The input.
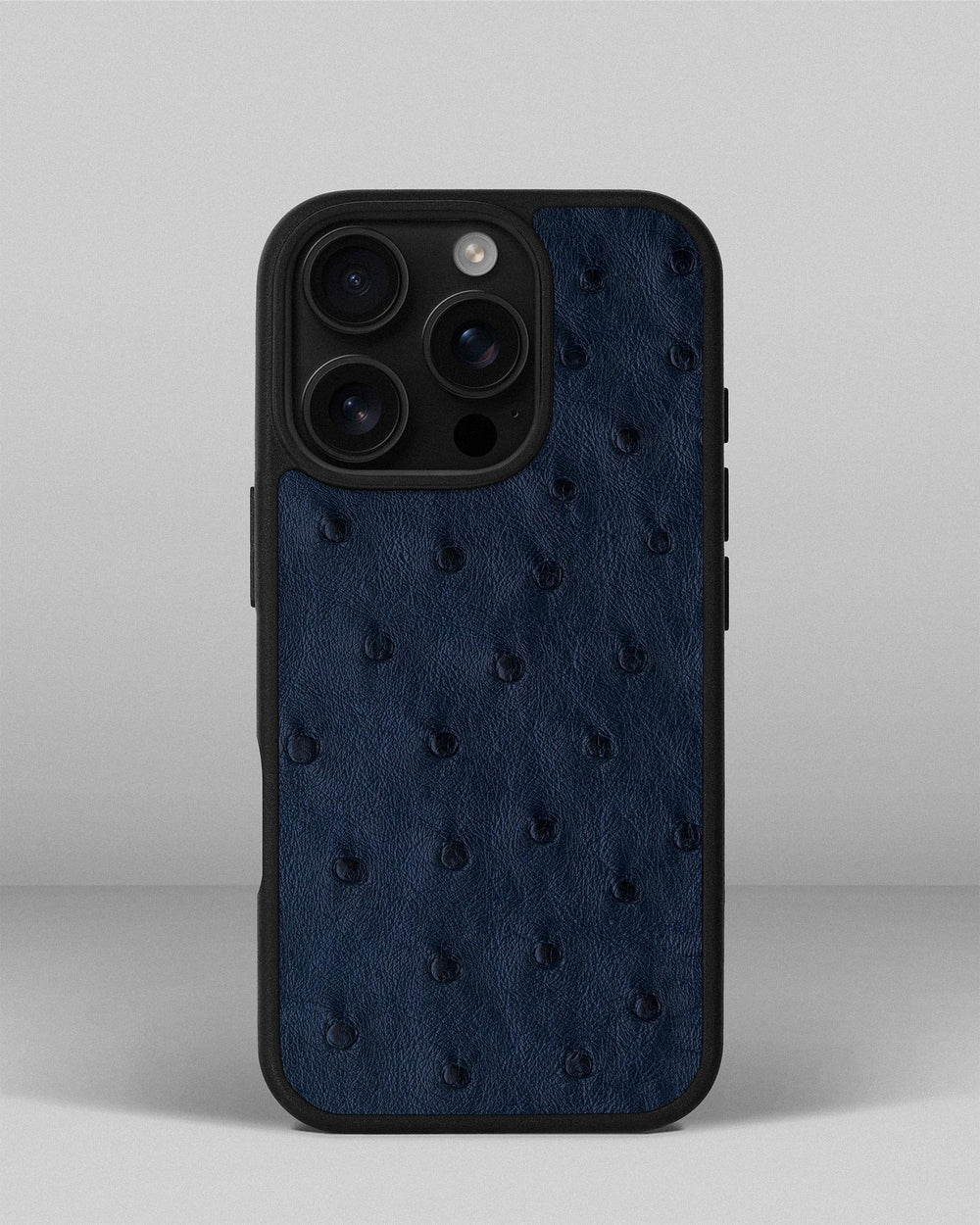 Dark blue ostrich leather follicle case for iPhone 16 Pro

...

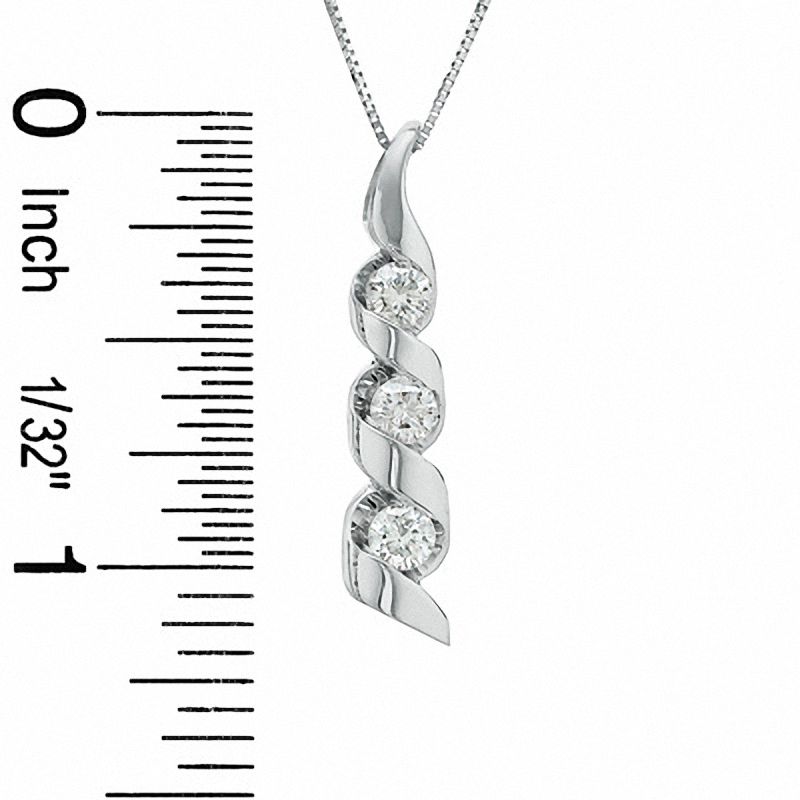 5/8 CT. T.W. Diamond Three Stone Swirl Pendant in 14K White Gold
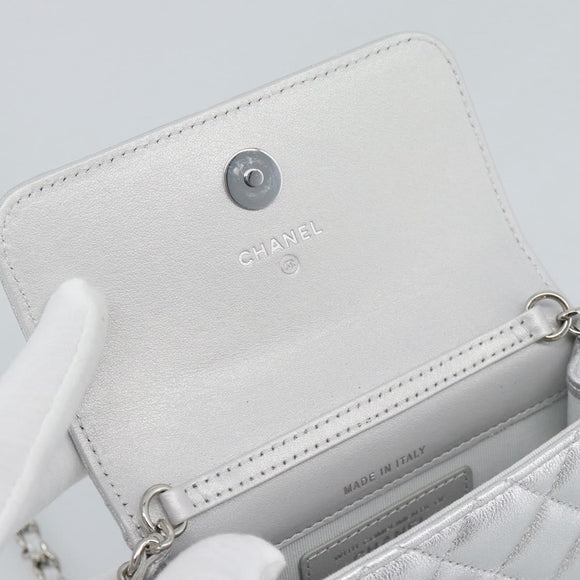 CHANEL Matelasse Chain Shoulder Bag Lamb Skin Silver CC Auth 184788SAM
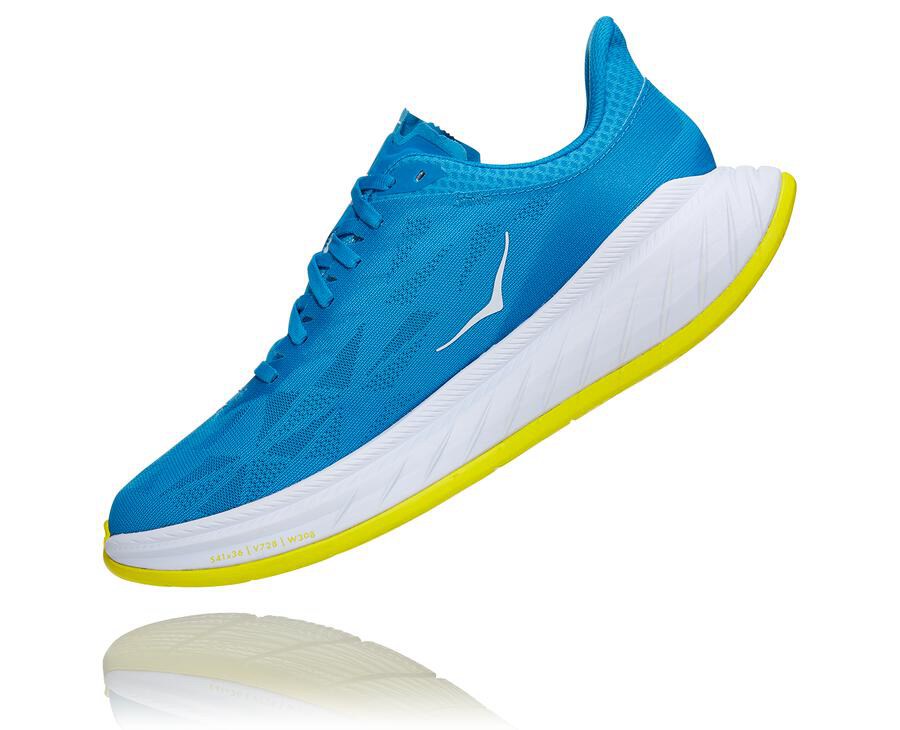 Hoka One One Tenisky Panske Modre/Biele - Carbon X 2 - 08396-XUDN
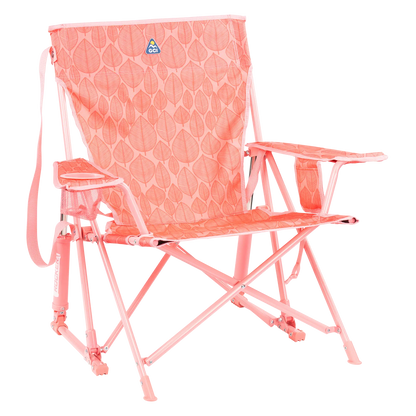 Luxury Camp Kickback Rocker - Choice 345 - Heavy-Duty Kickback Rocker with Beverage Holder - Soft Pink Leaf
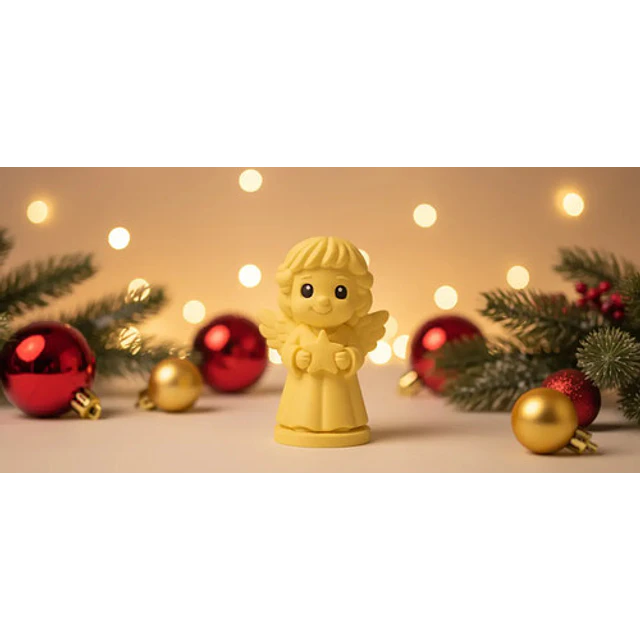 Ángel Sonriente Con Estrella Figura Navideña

==

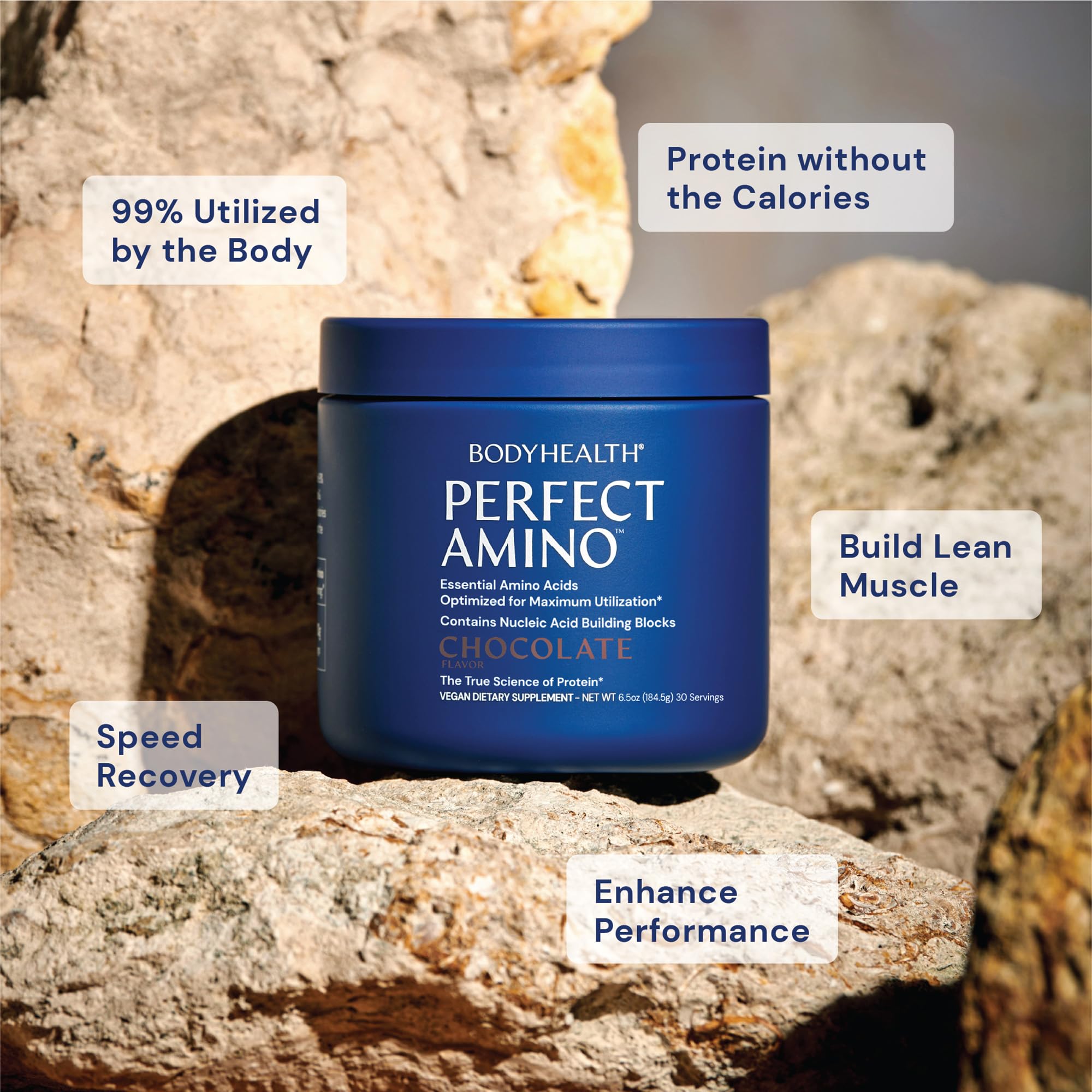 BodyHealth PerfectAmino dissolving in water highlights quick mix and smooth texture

Exercise goal. Within the material above, find the part that opens with the line containing "Luxury Camp Kickback" and closes with the line containing "Ángel Sonriente Con Estrella Figura Navideña", and reproduce it exactly without the pictures.

Result of the exercise.
 Luxury Camp Kickback Rocker - Choice 345 - Heavy-Duty Kickback Rocker with Beverage Holder - Soft Pink Leaf
 Ángel Sonriente Con Estrella Figura Navideña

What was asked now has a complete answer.